Dernier exemple de conspirationnisme : la crise d’Octobre aurait été un coup monté du gouvernement canadien dirigé par Pierre Elliott Trudeau. Or, cette crise a été provoquée par l’action du FLQ, qui en fut le détonateur en commettant les deux premiers enlèvements politiques en Amérique du Nord. Au nom de la raison d’État, les autorités ont refusé de négocier. À l’extrémisme du FLQ a répondu l’extrémisme du pouvoir. Le gouvernement fédéral a profité de l’occasion pour déclencher une vaste opération de répression contre les indépendantistes et le Parti québécois, sa principale cible. Il l’a fait en agitant deux épouvantails : une « insurrection appréhendée » fictive et la menace d’un « coup d’État », ourdi par un « gouvernement parallèle » dont le leader du PQ, René Lévesque, aurait été l’âme dirigeante, avec l’appui du numéro deux du parti, Jacques Parizeau, et du directeur du Devoir, Claude Ryan.

Ces histoires de croque-mitaine ont servi de prétexte à des représailles implacables : le déploiement de l’armée au Québec, la proclamation de la Loi sur les mesures de guerre, la suspension des libertés civiles, l’arrestation de quelque 500 personnes (497, officiellement), presque toutes innocentes, et — on l’oublie trop souvent — une déferlante de 36 000 raids et perquisitions. Ce coup de force, digne des régimes totalitaires, fut perpétré de concert avec le gouvernement Bourassa à Québec et l’administration Drapeau-Saulnier à Montréal.

Après la terrible répression qui s’est abattue sur le Québec lors de la crise d’Octobre, l’action illégale du FLQ est apparue encore plus désespérée et sans issue, malgré quelques soubresauts parfois dramatiques en 1971-1972. La voie légale et démocratique s’est alors imposée, celle du Parti québécois. C’est ce que répétait depuis longtemps René Lévesque, qui a toujours condamné la violence tout en rappelant cette vérité : « Le terrorisme est le symptôme vivant d’une maladie, il n’en est pas la cause » C’est Lévesque et le PQ qui ont vaincu le terrorisme, bien davantage que Trudeau et tous les corps policiers.

Tout compte fait, l’action radicale du FLQ n’a pas nui au Parti québécois, qui fut élu à peine six ans après la crise d’Octobre, et huit ans après sa fondation, ce Grand Soir du 15 novembre 1976. Elle a plutôt montré que le PQ était la meilleure option possible, tout comme elle l’est encore aujourd’hui puisqu’il est le seul parti dont la raison d’être est de faire l’indépendance du Québec.

Le Rassemblement pour l’indépendance nationale (RIN), un mouvement pionnier, a été fondé par une poignée de « séparatistes » il y a soixante ans cette année, le 10 septembre 1960, au début de la Révolution tranquille. Le Parti québécois a pris la relève et ce fut le début d’une formidable avancée, surtout pour la majorité historique francophone d’ici. Mais deux référendums plus tard, le Québec n’est toujours pas un pays.
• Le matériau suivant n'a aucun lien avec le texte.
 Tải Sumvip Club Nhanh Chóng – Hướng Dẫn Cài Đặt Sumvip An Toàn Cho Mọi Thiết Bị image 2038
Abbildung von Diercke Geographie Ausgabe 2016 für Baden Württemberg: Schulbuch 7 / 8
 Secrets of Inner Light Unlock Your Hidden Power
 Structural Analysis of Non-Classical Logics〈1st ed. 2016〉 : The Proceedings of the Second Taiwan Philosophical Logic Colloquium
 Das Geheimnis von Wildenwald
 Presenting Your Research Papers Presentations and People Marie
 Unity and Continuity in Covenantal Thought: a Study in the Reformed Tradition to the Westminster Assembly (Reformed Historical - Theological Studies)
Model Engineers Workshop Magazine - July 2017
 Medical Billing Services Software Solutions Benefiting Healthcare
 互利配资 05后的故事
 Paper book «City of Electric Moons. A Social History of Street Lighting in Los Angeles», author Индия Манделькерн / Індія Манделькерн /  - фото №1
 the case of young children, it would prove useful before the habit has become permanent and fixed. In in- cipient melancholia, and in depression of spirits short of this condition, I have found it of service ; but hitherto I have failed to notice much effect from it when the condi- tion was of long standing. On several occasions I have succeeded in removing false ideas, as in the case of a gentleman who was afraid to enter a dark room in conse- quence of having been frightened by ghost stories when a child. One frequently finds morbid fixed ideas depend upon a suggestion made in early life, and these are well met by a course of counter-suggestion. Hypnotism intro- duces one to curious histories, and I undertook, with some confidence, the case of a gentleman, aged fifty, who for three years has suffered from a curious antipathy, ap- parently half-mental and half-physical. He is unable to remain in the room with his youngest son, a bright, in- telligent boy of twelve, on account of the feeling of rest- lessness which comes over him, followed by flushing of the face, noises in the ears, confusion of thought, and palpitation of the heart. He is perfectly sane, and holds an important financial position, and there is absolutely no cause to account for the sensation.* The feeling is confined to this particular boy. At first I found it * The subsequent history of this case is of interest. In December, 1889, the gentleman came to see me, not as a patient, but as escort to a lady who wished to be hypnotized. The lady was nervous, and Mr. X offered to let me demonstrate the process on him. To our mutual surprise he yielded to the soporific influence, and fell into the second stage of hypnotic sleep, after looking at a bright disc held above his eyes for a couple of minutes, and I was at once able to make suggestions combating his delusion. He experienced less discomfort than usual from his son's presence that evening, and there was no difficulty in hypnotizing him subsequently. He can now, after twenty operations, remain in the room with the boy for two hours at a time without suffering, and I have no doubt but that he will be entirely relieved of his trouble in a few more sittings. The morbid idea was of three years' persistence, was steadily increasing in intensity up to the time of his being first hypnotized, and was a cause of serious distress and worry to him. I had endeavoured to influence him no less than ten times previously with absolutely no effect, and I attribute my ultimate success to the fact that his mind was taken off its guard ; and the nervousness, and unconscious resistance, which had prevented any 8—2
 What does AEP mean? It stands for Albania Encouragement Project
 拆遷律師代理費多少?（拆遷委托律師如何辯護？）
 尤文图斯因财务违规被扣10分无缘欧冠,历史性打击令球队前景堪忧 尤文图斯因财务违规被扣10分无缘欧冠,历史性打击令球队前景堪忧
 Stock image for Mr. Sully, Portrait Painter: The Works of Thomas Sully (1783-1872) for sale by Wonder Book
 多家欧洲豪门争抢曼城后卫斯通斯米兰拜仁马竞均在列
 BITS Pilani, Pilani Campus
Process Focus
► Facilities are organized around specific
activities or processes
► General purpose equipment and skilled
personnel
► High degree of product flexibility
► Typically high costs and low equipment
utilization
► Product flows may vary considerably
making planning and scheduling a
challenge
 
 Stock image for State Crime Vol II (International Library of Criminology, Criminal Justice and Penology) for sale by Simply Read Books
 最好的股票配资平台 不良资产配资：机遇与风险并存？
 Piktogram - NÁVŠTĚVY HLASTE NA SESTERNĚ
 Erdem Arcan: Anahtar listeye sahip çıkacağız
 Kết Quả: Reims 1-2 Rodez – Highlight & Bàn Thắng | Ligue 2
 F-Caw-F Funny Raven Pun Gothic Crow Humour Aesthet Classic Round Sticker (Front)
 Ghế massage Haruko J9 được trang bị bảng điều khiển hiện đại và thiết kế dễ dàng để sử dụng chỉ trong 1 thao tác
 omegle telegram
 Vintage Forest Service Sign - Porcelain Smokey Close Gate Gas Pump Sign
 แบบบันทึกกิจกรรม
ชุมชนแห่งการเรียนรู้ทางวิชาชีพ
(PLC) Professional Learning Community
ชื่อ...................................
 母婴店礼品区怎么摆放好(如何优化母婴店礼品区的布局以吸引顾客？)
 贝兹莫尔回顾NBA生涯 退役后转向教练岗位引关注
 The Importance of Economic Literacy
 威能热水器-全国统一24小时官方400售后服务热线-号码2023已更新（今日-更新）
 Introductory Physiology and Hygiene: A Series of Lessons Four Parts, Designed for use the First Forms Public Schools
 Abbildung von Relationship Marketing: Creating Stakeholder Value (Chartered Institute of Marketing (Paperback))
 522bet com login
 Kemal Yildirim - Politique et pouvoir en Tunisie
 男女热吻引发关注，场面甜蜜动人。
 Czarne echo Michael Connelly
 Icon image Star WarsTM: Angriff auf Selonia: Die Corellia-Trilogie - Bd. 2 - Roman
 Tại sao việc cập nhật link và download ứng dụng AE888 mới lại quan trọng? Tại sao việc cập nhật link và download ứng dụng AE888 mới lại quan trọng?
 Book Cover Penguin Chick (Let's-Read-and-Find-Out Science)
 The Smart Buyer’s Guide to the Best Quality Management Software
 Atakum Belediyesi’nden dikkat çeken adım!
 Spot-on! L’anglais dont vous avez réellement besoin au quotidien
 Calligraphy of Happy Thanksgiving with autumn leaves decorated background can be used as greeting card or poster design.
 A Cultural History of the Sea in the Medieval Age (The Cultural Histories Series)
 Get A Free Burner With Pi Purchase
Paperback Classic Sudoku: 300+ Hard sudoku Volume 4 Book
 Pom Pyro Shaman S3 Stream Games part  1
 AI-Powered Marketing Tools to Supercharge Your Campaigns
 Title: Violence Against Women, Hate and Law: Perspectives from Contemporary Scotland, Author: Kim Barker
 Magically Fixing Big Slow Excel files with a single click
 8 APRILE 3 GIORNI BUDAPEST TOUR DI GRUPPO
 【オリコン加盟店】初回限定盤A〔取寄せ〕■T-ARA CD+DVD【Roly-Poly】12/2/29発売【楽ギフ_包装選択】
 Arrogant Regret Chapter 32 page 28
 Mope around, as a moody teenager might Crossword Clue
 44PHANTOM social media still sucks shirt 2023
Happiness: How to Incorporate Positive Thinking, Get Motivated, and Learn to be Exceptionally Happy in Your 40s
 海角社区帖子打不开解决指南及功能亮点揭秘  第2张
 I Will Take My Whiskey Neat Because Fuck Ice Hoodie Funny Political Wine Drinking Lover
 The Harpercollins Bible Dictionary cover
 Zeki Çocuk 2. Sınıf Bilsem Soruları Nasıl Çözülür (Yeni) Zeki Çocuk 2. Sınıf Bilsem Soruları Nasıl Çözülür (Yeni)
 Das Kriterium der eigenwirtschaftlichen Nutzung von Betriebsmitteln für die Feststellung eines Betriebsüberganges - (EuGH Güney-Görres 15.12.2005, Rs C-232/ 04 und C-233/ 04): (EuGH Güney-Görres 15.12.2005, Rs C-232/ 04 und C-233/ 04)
Nous devons à nouveau faire la preuve que l’indépendance reste le meilleur moyen, voire le seul, pour assurer la pérennité en Amérique du Nord d’une nation qui compte aujourd’hui plus de 8,5 millions d’habitants. Réaliser l’indépendance de notre patrie est un objectif en soi, un projet de société exaltant qui devrait faire rêver les jeunes en quête de grands chantiers à entreprendre, comme la création d’un pays vert. Un pays de langue française, fier de ses racines et de son histoire. Un pays républicain et laïque, qui vivra à sa façon, enrichi de l’apport de ses peuples autochtones, de sa minorité anglophone et de tous ces gens venus de partout pour vivre ici avec nous. Un pays ouvert sur le monde et prêt à se joindre au concert des nations.

* L’auteur lance ces jours-ci une troisième édition de son livre FLQ. Histoire d’un mouvement clandestin (VLB éditeur), considéré comme une référence sur le sujet. Le Devoir publie des extraits du prologue de cet ouvrage revu, mis à jour et enrichi.